TASK TO CARRY OUT
Copy only the lines between the one containing "Plant tomate noire gregory altaï" and the end of the records, both included, leaving out pictures.

DATA SHOWN START

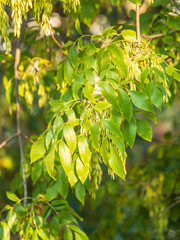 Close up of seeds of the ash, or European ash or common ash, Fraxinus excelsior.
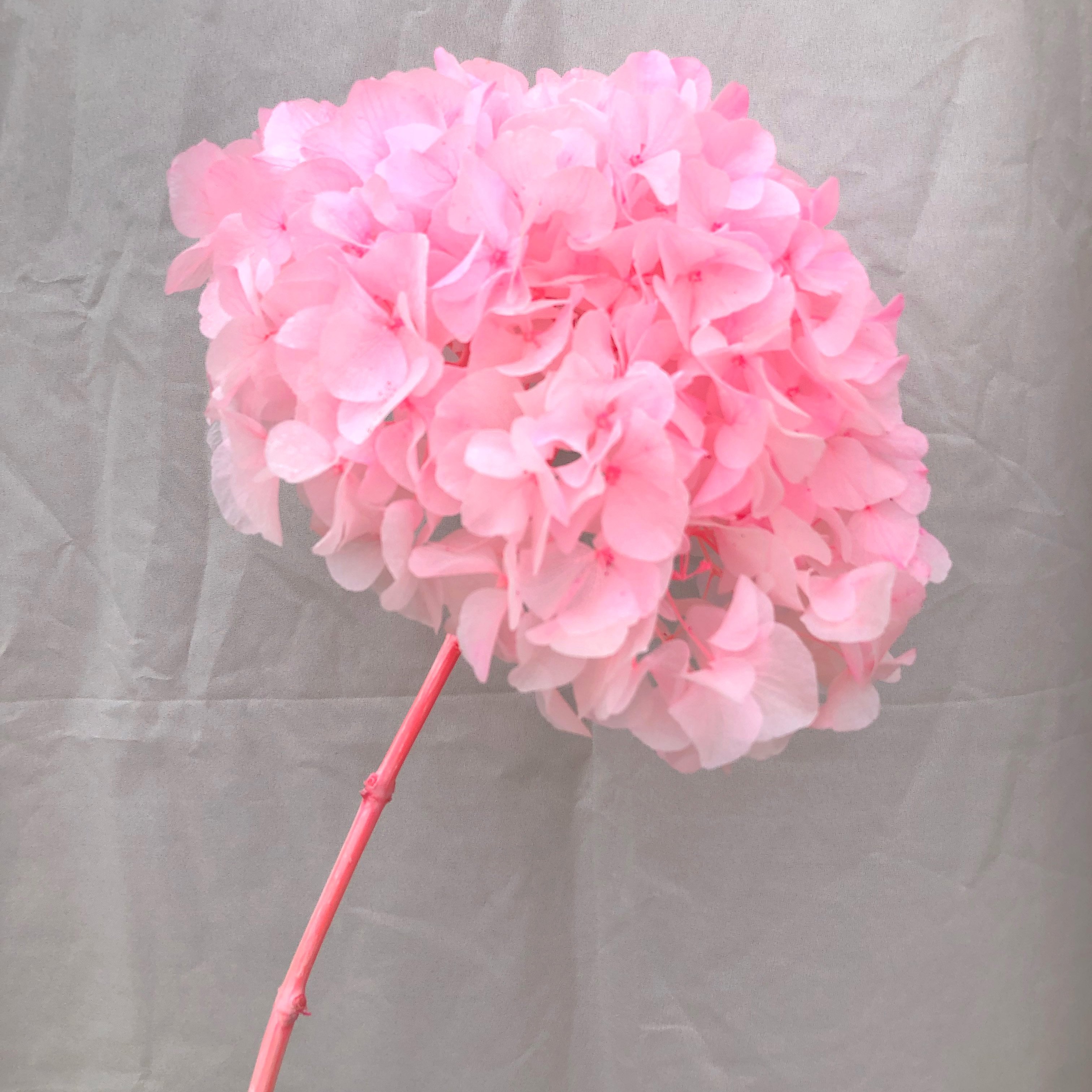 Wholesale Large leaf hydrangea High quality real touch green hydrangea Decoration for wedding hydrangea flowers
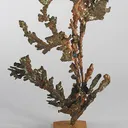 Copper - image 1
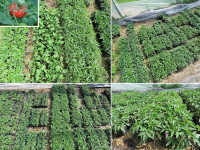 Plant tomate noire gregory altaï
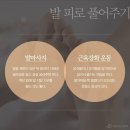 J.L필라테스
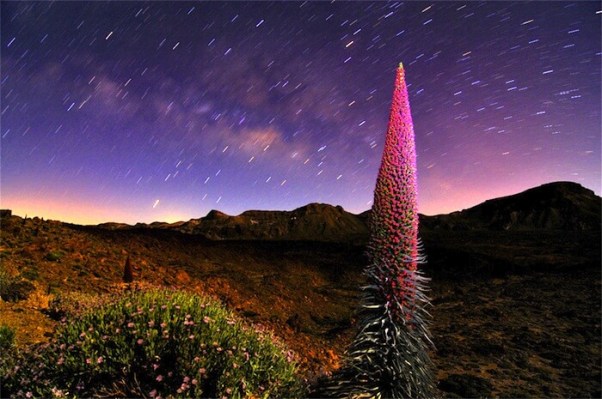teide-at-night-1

DATA SHOWN END

TASK SOLUTION
 Plant tomate noire gregory altaï
 J.L필라테스
teide-at-night-1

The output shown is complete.